Compare embedding-based intent classification versus LLM-based classification. In what specific production scenarios would you choose one over the other, and why?
Compare embedding-based intent classification versus LLM-based classification. In what specific production scenarios would you choose one over the other, and why?
- Embedding-based classification computes a vector for the query and compares it against pre-computed intent centroids using cosine similarity. It is fast (one embedding API call, ~50ms), cheap (embedding models cost 10-100x less than chat models), and deterministic given the same model version. The trade-off is that it cannot reason about context, negation, or multi-intent queries. “I do NOT want to cancel my subscription” has high cosine similarity to “cancel my subscription” because the embedding captures topic proximity, not logical negation.
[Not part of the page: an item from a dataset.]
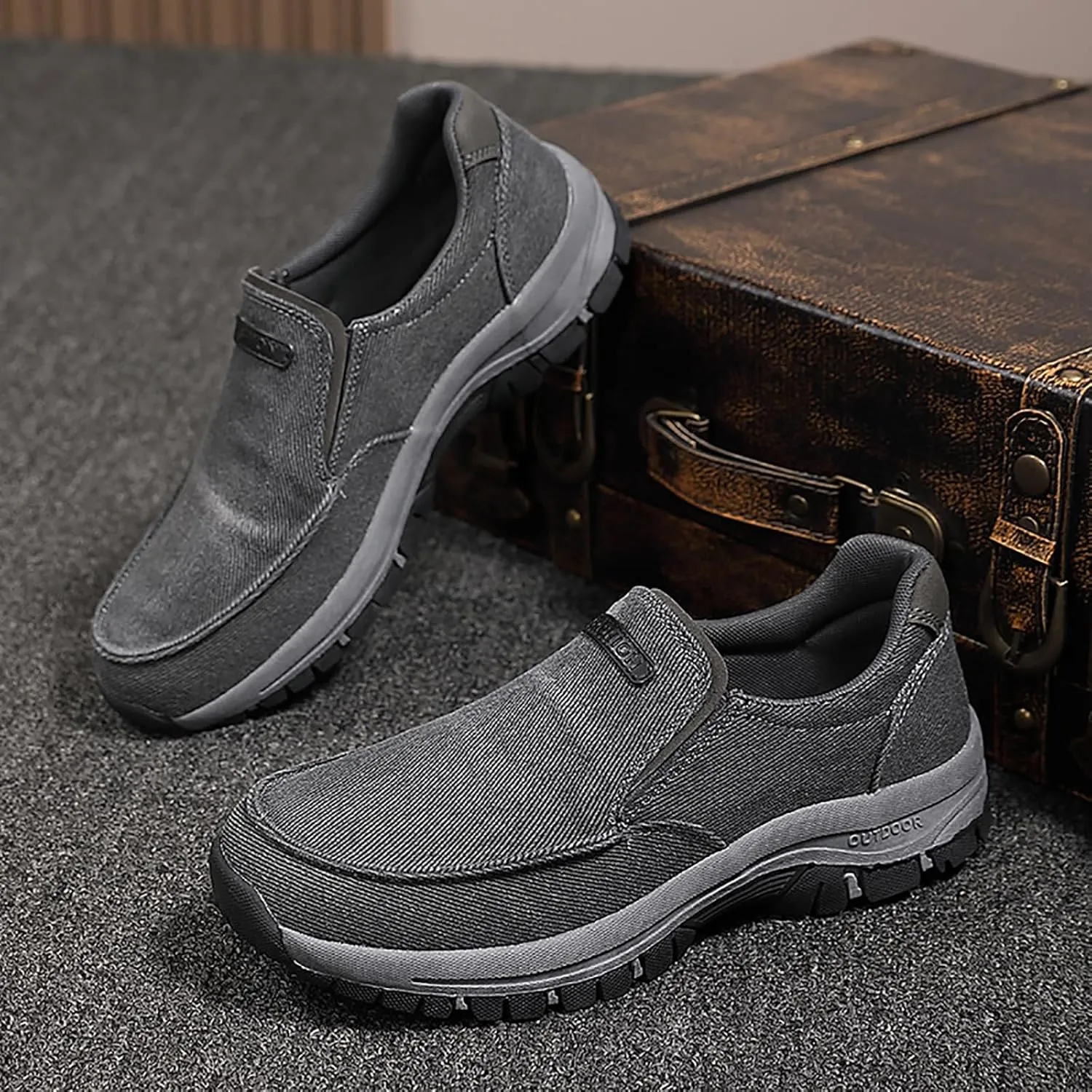 Men's Canvas Slip-on Loafers Lightweight Comfort Soft Bottom Round Toe Arch Support Wear-Resistant Casual Sneakers Outdoor Driving Walking Shoes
- LLM-based classification sends the query to a chat model with a prompt listing the available intents and asks it to classify. It handles nuance, negation, and ambiguity well because it reasons about the full meaning. But it is 5-10x more expensive, 3-5x slower, and non-deterministic — the same query can get different classifications on different runs if temperature is above zero.
- I would choose embeddings for high-throughput, low-stakes routing — a customer support bot handling thousands of queries per hour where 90% of queries cleanly fall into one of five categories. The 5-10% edge cases that get misclassified can be caught by a confidence threshold and escalated to a human or a more expensive model.
- I would choose LLM-based classification for low-throughput, high-stakes decisions — routing a medical triage question to the right specialist pipeline, or classifying a compliance query where misclassification has regulatory consequences. Here, the extra 300ms and $0.001 per classification is trivial compared to the cost of getting it wrong.
- The hybrid approach is often best in production: use embeddings as the fast path for clear-cut queries (confidence above 0.85), and fall back to LLM classification only for ambiguous queries (confidence between 0.5 and 0.85). This gives you the speed of embeddings for the 80% easy case and the accuracy of LLMs for the 20% hard case.